Montréal a fermé sa pire «trappe à tickets»
Les policiers peinaient à arrêter tous les contrevenants tellement ils étaient nombreux.

Dominique Cambron-Goulet
Après avoir donné plus de 4100 tickets en seulement deux ans, la Ville de Montréal a fermé en juin 2023 l’accès à une petite rue située au pied du pont Jacques-Cartier.
Les automobilistes tentaient d’éviter la congestion en tournant à droite sur la rue Larivière, même si c’était interdit.
Le Journal a analysé plus d'un million de constats d'infraction donnés par le Service de police de la Ville de Montréal (SPVM) de 2021 à 2023, pour y trouver les endroits où les policiers ont le plus sévi, communément appelés «trappes à tickets».
Le carrefour de Lorimier et Larivière arrive au sommet du palmarès. Les policiers peinaient d'ailleurs à intercepter tous les automobilistes délinquants, raconte Chris McCray, du Collectif apaisement pour Ville-Marie.
«Un soir, l’agent a dû bloquer physiquement l’intersection, parce que la ligne de voitures qui attendaient de recevoir un ticket était tellement longue que ça causait des problèmes de circulation sur De Lorimier», relate-t-il.
En une seule heure le 24 mai 2023, les limiers du SPVM ont attrapé 54 conducteurs, soit presque un par minute.
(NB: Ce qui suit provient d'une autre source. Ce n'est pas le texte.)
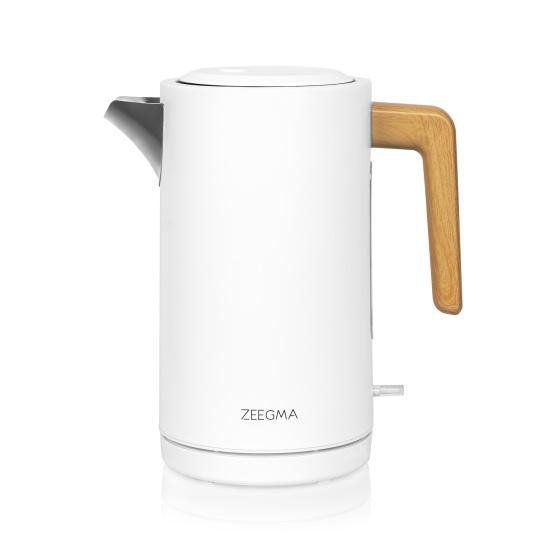 Czajnik elektryczny Ketlee Wood White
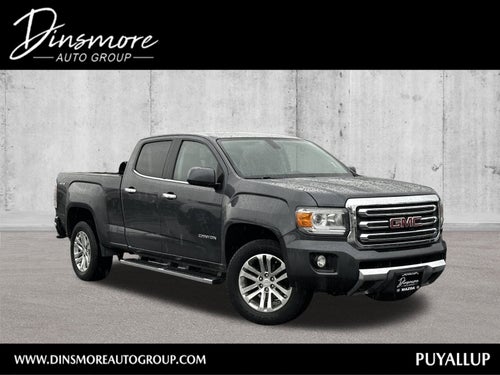 2016 GMC Canyon 4WD SLT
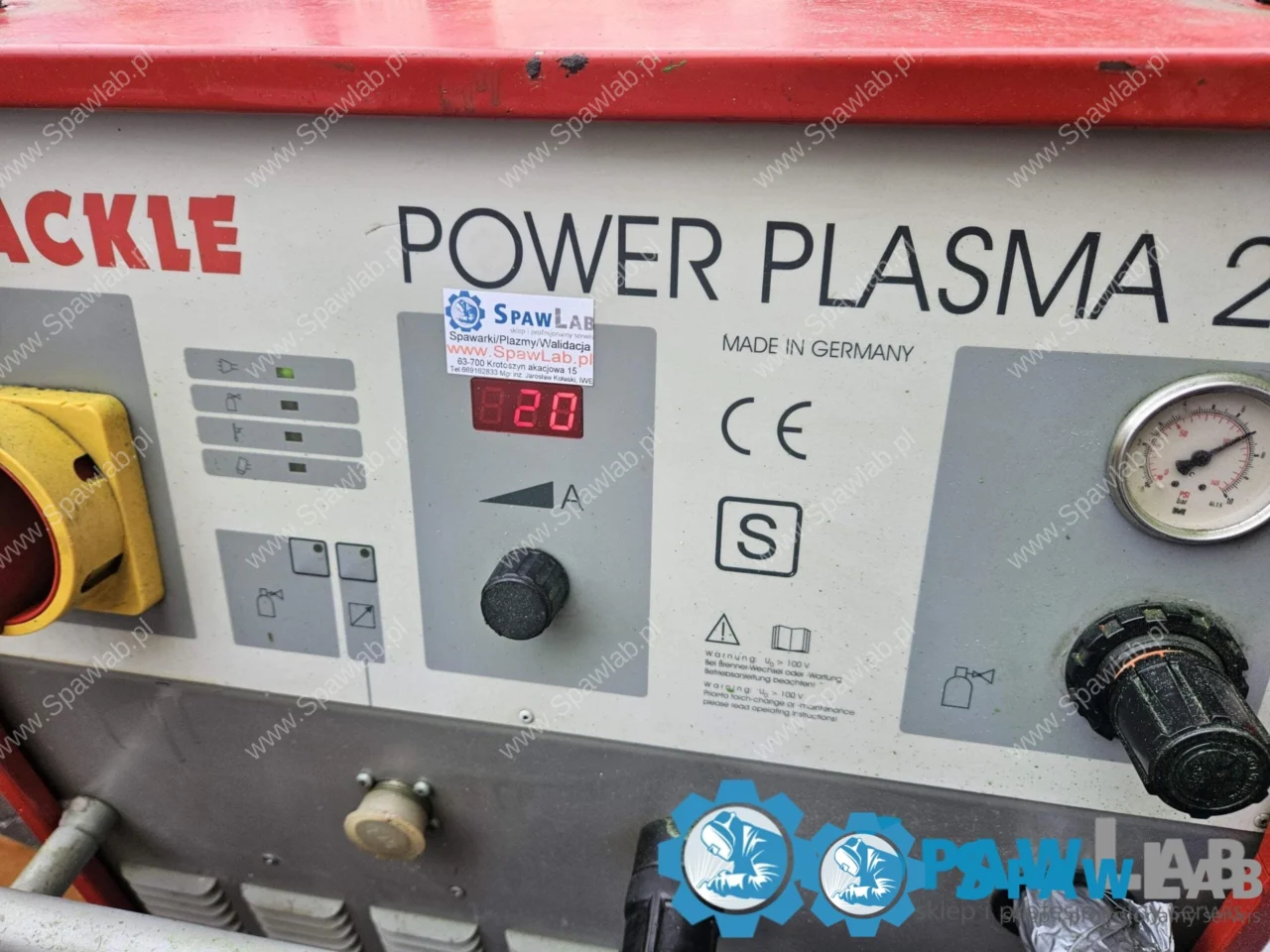 Jackle Power Plasma 2 210A, zdjęcie 6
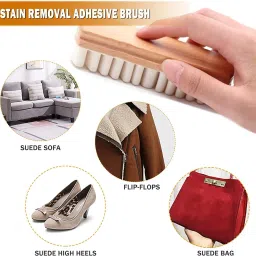 hsbtreads Suede Shoe Brush Set Includes Brush-image-56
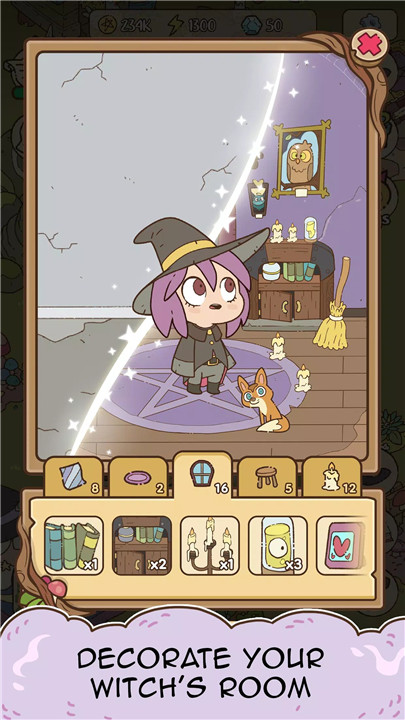 Potions & Spells screenshot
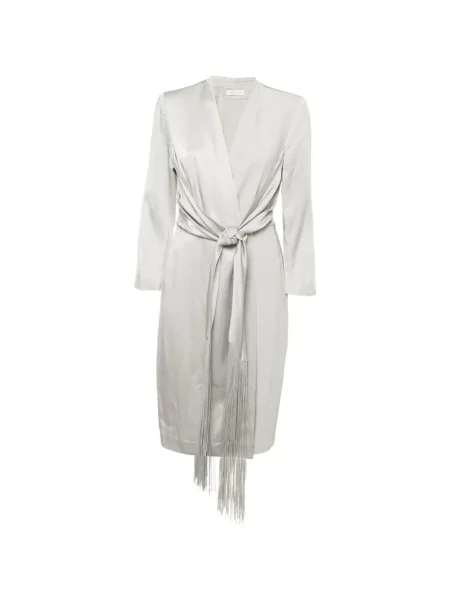 Lung rochie midi Max Mara gri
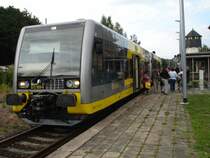 672 909-9 am 09.08.2008 in Nebra. 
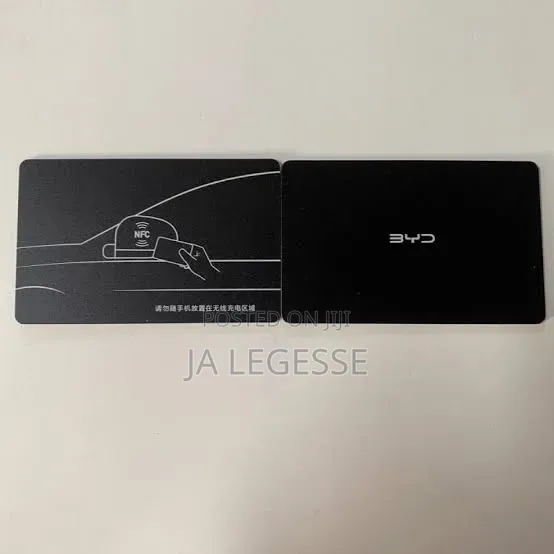 Byd NFC Cards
«Les virages à droite causaient notamment un surplus de circulation dans les rues bordant deux écoles du secteur en plus d’engorger le secteur résidentiel», explique la porte-parole du SPVM, Anik de Repentigny.
Depuis juin dernier, la rue Larivière a été carrément fermée au trafic automobile et aménagée en place publique.
Un décès qui a accéléré les choses
M. McCray s’étonne que cette intersection ait été la plus importante «trappe à tickets» de l’île de Montréal.
«C’était facile aussi de faire des opérations là, avance-t-il. Ça démontre la pertinence de la fermeture physique de l’intersection. On ne peut pas juste mettre des panneaux et espérer que ça fonctionne.»
Lui et d’autres résidents s’étaient mobilisés dès le début de 2022 afin de demander à la Ville la fermeture de la rue Larivière.
Même si, selon lui, le dossier «semblait avancer», il ajoute que le décès tragique de Mariia Legenkovska, 8 ans, en décembre 2022, a accéléré une panoplie de mesures d’apaisement de circulation dans son quartier.
La fillette qui avait fui la guerre d'Ukraine a été happée mortellement à quelques pas de cette intersection, sur le chemin de l’école.
«Ça a provoqué des changements qui sont arrivés beaucoup plus rapidement. C’est l’histoire triste un peu partout dans le monde, ça prend souvent un événement qui provoque des changements», souffle Chris McCray.

Pas automatique
Selon le professeur à Polytechnique Montréal Nicolas Saunier, le nombre d’accidents est beaucoup plus souvent lié à des changements de configuration de rue qu'au nombre de tickets.
«Dans les guides de conception de signalisation, il y a des critères quantitatifs qui disent que s’il y a plus d’un certain nombre d’accidents dans un carrefour, il faut considérer des feux de circulation. Au niveau des infractions, ça n’existe pas», affirme-t-il.
La fermeture d’une rue a toutefois l’avantage de réduire le recours à des policiers dans ce secteur.
«Généralement, on préfère des modifications aux infrastructures, parce que ça ne va dépendre de la présence policière pour avoir de bons comportements», poursuit-il.